Going forward, we have a number of projects and repairs that need our attention this spring and prior to the start of the camping season.  Among these is the pressing need to repair and upgrade the water system.  This past summer we had to operate without potable water due to ground water infiltration issues.  Thus, we used bottled water for drinking.  Money has been donated by individuals and congregations specifically for the minimum required repairs.  However, along with these repairs, certain critical improvements should be made to eliminate future problems with water pressure and capacity and to enable the camp to be used year around.  (Currently, the water system is partially drained to prevent freeze damage.)  Doing the necessary repairs and the needed upgrade work concurrently would by far be the most efficient use of funds and best position the camp going forward.

A sign greets campers at the gate of Gander Brook Christian Camp in Raymond, Maine. (Photo by Bobby Ross Jr.)

Bobby, as you know from having visited our area and attended our Men’s Retreat in the past, the congregations in NE are generally very small and many do not have preachers.  Congregational resources are extremely limited.  New England does not have any large congregations that are in a position to make major donations to the camp.  Thus we rely on individuals to a larger degree than perhaps other camps located in parts of the country where there are numerous large congregations.  This reliance may get us through normal years when emergency repairs are minimal, but can not suffice when we have serious repair and facility upgrade expenses.  (We have for too long postponed needed maintenance in order to use limited available funds for regular operating costs.)
Your assistance and that of others who want to strengthen the church in New England will be greatly appreciated by the Board and by all who benefit from the Camp.

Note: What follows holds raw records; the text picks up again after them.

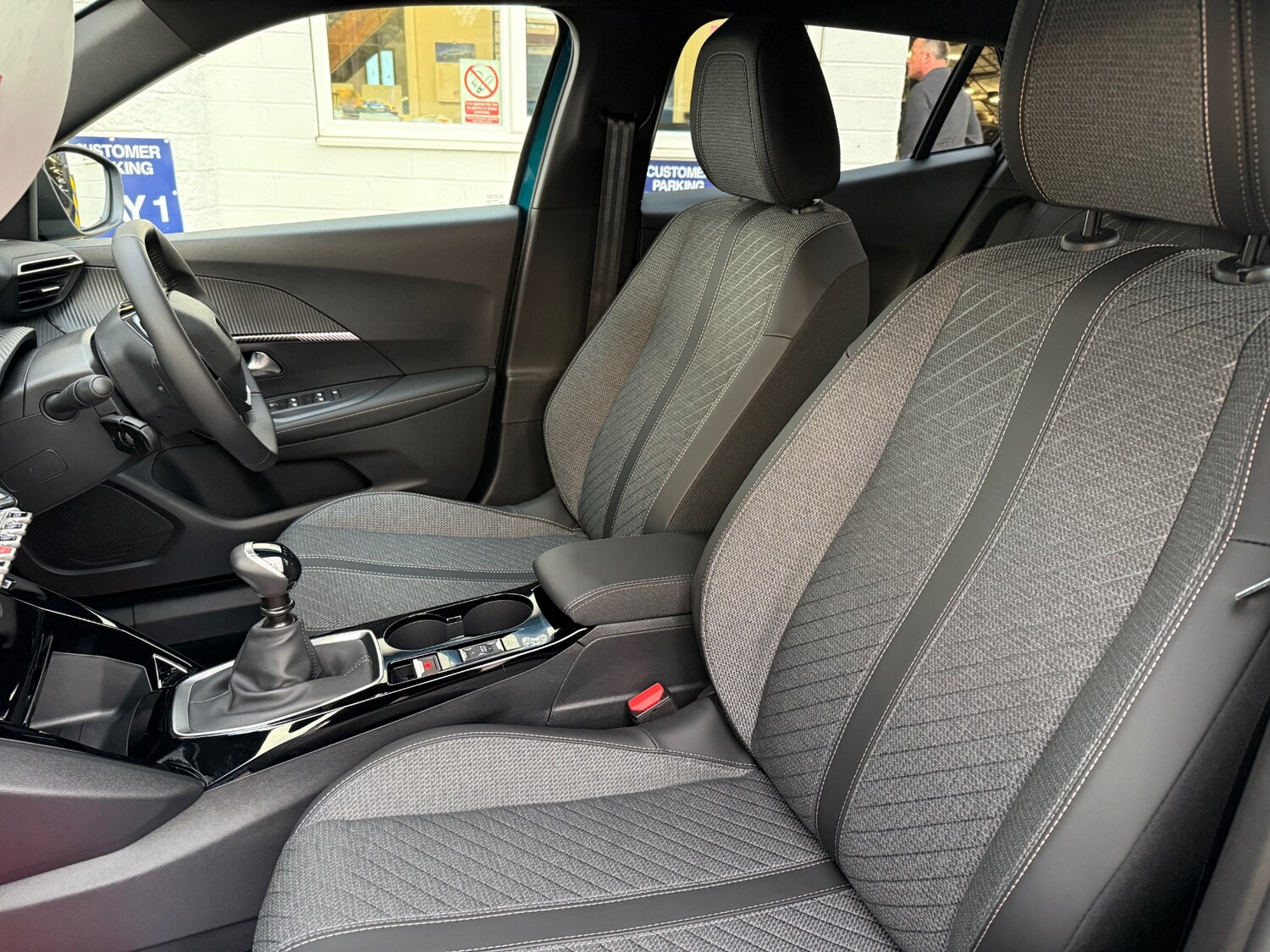 Used Peugeot 2008 2025 for sale - 76391222: Photo 54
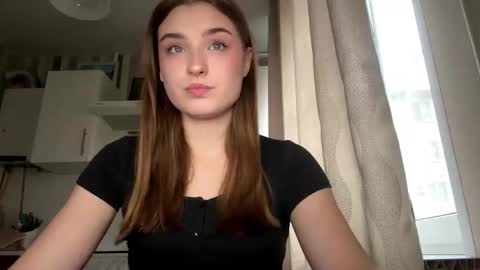 Snapshot of kierstentates chatting on March 2026 02:09:02 PM Ola my name is Lissa Lets hit 10 Thumbs Up together online show from March 2026 02:09:02 PM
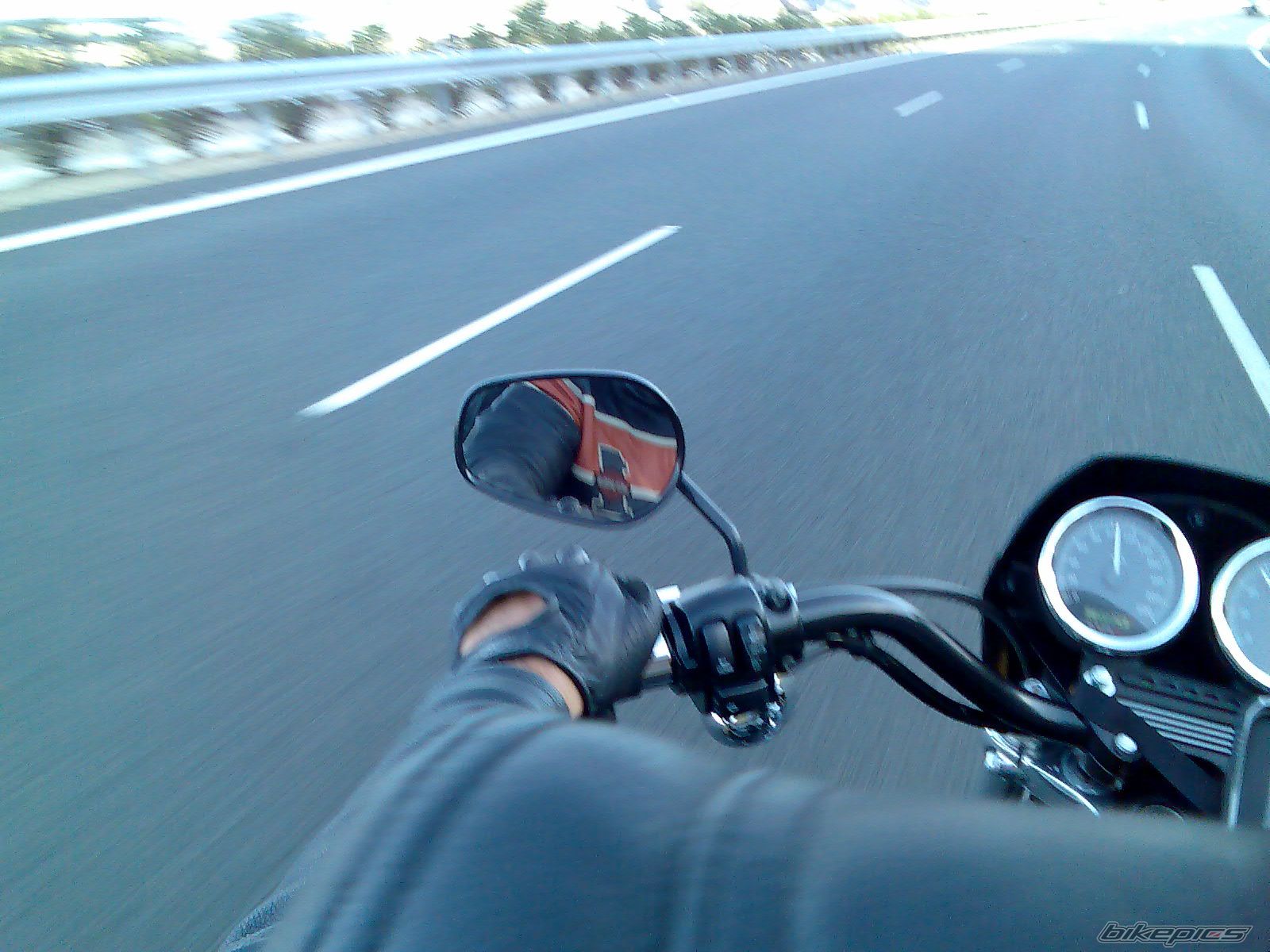 Photo 697378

As Keiser mentioned in his e-mail, I visited Gander Brook in 2008 and wrote a feature for The Christian Chronicle on its role as a place of refuge and fellowship for Christians in New England.
Donations can be sent to Gander Brook Christian Camp, P.O. Box 1423, Littleton, MA 01460. The website is at ganderbrook.org.
“We are a 501(c)3 non-profit organization, and we’d be more than happy to provide tax acknowledgement for donations,” said Bill Jenczyk, Gander Brook’s treasurer.

  • Feedback
    I grew up attending this camp. It is a great place and a true mission field. As it was said, new England has no large churches to help but this camp is the cornerstone to most of the teens and churches of new England. Please think about supporting this place. They need so much help and the rewards would be endless.
    Adam brock
    November, 12 2010

    My son had the opportunity to serve as a counselor this past summer. It was a life-changing experience for him. The work at Ganderbrook is a blessing for the campers that participate but also for the college students that have the opportunity to serve others. Ganderbrook is in my prayers.
    Shelley Parnell
    November, 18 2010

    I lived in Rhode Island in the early 90’s and started attending the ladies’ retreat in September. I have since moved back to Nashville but still attend every year. In fact, I have friends from Nashville who go with me every year. We so enjoy seeing the same women year after year who we only see at the retreat. Gander Brook is just what others have said – a serene place in the woods of Maine where one can draw closer to God. Please consider supporting this wonderful place.